[Records for this exercise]

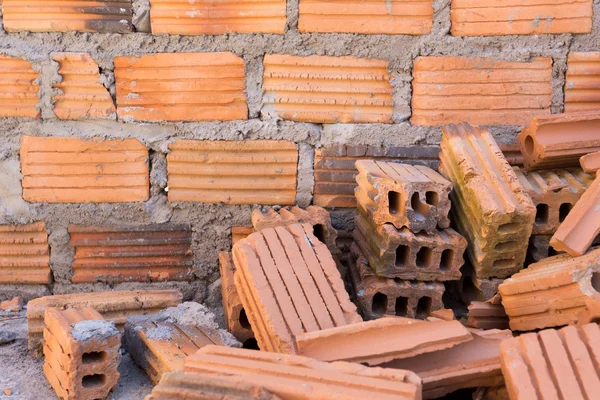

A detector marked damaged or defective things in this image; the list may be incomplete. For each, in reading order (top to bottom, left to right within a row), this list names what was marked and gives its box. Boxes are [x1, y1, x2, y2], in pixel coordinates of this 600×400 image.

broken brick [298, 0, 432, 34]
broken brick [52, 54, 117, 121]
broken brick [113, 53, 247, 122]
broken brick [262, 54, 394, 123]
broken brick [410, 57, 552, 126]
broken brick [19, 138, 150, 205]
broken brick [166, 140, 298, 203]
broken brick [356, 160, 450, 233]
broken brick [436, 123, 536, 280]
broken brick [0, 222, 49, 284]
broken brick [68, 225, 195, 284]
broken brick [232, 223, 360, 354]
broken brick [350, 242, 442, 320]
broken brick [354, 211, 466, 280]
broken brick [500, 247, 600, 332]
broken brick [42, 308, 120, 398]
broken brick [183, 346, 422, 398]
broken brick [500, 324, 600, 398]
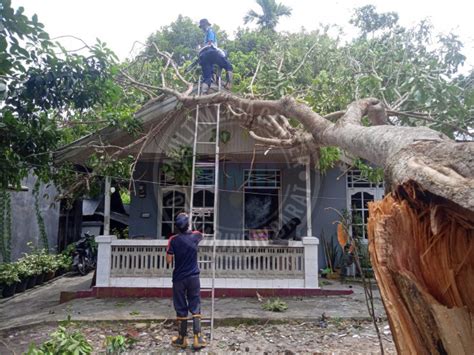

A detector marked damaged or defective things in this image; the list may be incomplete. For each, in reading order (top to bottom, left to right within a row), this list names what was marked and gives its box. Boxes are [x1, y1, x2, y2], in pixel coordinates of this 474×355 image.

splintered wood [368, 184, 472, 355]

[/Records for this exercise]

**What is required**. With the pictures omitted, the records above are to be repeated exactly.

**Result for this exercise**.
A detector marked damaged or defective things in this image; the list may be incomplete. For each, in reading order (top to bottom, left to right within a row), this list names what was marked and gives its box. Boxes are [x1, y1, x2, y2], in pixel coordinates of this 600×400 image.

broken brick [298, 0, 432, 34]
broken brick [52, 54, 117, 121]
broken brick [113, 53, 247, 122]
broken brick [262, 54, 394, 123]
broken brick [410, 57, 552, 126]
broken brick [19, 138, 150, 205]
broken brick [166, 140, 298, 203]
broken brick [356, 160, 450, 233]
broken brick [436, 123, 536, 280]
broken brick [0, 222, 49, 284]
broken brick [68, 225, 195, 284]
broken brick [232, 223, 360, 354]
broken brick [350, 242, 442, 320]
broken brick [354, 211, 466, 280]
broken brick [500, 247, 600, 332]
broken brick [42, 308, 120, 398]
broken brick [183, 346, 422, 398]
broken brick [500, 324, 600, 398]

A detector marked damaged or defective things in this image; the list may be incomplete. For each, in reading order (top to bottom, left to right within a row), this list names what was marked and gives its box. Boxes are [x1, y1, x2, y2], in pixel coordinates of this 474×355 image.

splintered wood [368, 184, 472, 355]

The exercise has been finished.